Fin 2016, suite au refus de la justice européenne d’étendre le champ de validité de l’accord agricole euro-marocain au Sahara occidental, Rabat avait rappelé que « toute entrave à l’application de cet accord [comportait] un véritable risque de reprise des flux migratoires que le Maroc, au gré d’un effort soutenu, a réussi à gérer et à contenir ».
Lundi 7 août, 187 migrants, d’origine subsaharienne pour la plupart, sur un total de 300 qui se sont lancés au début de l’assaut, ont pu sauter les barrières et accéder à la ville de Melilla.
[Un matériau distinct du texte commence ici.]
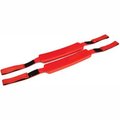 Kemp Usa Kemp Replacement Straps (Pair), Red, 10-004-RED 10-004-RED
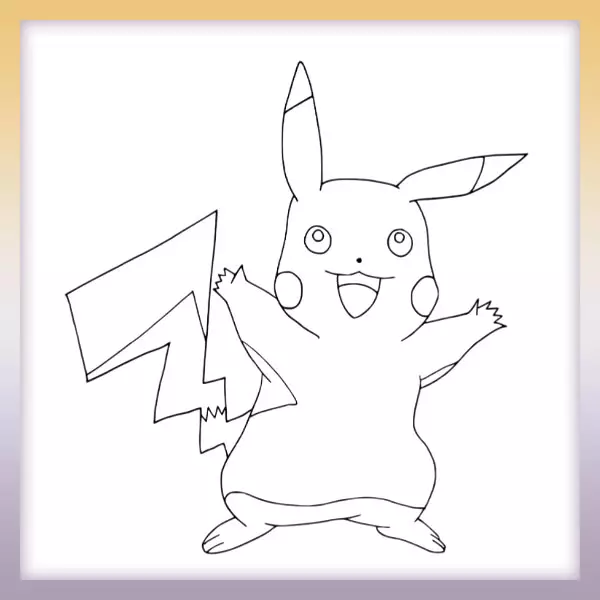 Pikachu - Pokémon - Dibujos para colorear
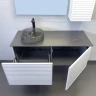 Тумба с раковиной Comforty Геленджик 120 00-00020804 подвесная Белая матовая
Le lendemain, un assaut massif d’un millier de candidats à l’immigration clandestine a été enregistré à Ceuta : 200 d’entre eux ont réussi leur tentative, selon la presse espagnole.
Ces nouvelles vagues d’émigration clandestine, en dépit des accords entre l’Union européenne (UE) et le Maroc en matière de « containement » des flux migratoires, étonnent à Madrid, en particulier au sein des « sécuritaires ». Dans des confidences au site en ligne El Confidential digital, et sous le couvert de l’anonymat, des officiers de la Garde civile estiment que « le Maroc a levé le pied pour envoyer des messages au gouvernement » espagnol. Les mêmes milieux de la Garde civile espagnole rappellent que cette situation aux frontières avec le Maroc ressemble étrangement à celle constatée en février dernier : Madrid avait alors accusé Rabat d’avoir fermé les yeux sur les assauts de Subsahariens en riposte à la position de certains responsables espagnols au sein de l’UE, qui s’étaient rangés du côté du verdict de la Cour de justice européenne du 21 décembre 2016, excluant le Sahara occidental de l’accord agricole conclus en 2012 avec le Maroc.
Selon El Confidential digital, réputé proche des milieux sécuritaires espagnols, ceux-ci affirment « ignorer les raisons de la colère du Maroc » contre l’Espagne et rappellent que l’état des relations entre Madrid et Rabat a toujours été jaugé à l’aune des assauts de migrants contre les enclaves de Ceuta et Melilla.
De la menace à l’acte
La Cour de justice européenne (CJUE) avait estimé, fin 2016, que cet accord n’englobait que les limites géographiques du royaume du Maroc, à l’exclusion du Sahara Occidental. A la suite de ce verdict, Rabat, par le biais de son ministre de l’Agriculture Aziz Akhannouch, une des grosses fortunes du Maroc et proche d’entre les proches du roi Mohamed VI, avait pratiquement sommé l’UE « d’assurer le cadre nécessaire pour l’application dans les meilleures conditions des dispositions » de l’accord en question. « Toute entrave à l’application de cet accord est (…) un véritable risque de reprise des flux migratoires que le Maroc, au gré d’un effort soutenu, a réussi à gérer et à contenir », avait menacé ce ministère, dans un communiqué.
Résultat: reprise des infiltrations de migrants dans les enclaves espagnoles de Ceuta et Melilla : fin février dernier, en l’espace de quatre jours, plus de 850 migrants avaient réussi à entrer à Ceuta. Après que Bruxelles a annoncé, fin février 2017, qu’elle lancera de nouvelles négociations entre ses pays membres sur cet accord de libre-échange avec le Maroc, il y a eu, au mois de mars 2017, une véritable traque contre les migrants subsahariens irréguliers sur le territoire marocain. « Les autorités ont repris le renvoi de personnes non ressortissantes marocaines noires vers la frontière avec l’Algérie », avait alors déploré l’ONG marocaine GADEM (Groupe antiraciste d’accompagnement et de défense des étrangers et des migrants).